Exercise details »
What is wanted is the line holding "Pink punjabi suit for teenage girls" and every later line through the end of the entries, set down exactly.

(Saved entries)
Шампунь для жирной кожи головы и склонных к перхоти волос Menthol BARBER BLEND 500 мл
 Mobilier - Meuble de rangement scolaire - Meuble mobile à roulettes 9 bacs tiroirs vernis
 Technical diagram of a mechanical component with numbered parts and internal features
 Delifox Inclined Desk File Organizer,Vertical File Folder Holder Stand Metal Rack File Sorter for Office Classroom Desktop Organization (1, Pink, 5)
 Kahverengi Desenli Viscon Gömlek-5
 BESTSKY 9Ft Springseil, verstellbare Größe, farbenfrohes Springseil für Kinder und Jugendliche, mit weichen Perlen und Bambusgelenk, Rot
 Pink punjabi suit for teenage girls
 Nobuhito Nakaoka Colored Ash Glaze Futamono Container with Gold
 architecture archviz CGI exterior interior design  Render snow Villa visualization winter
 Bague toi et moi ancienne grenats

Output of the exercise »
 Pink punjabi suit for teenage girls
 Nobuhito Nakaoka Colored Ash Glaze Futamono Container with Gold
 architecture archviz CGI exterior interior design  Render snow Villa visualization winter
 Bague toi et moi ancienne grenats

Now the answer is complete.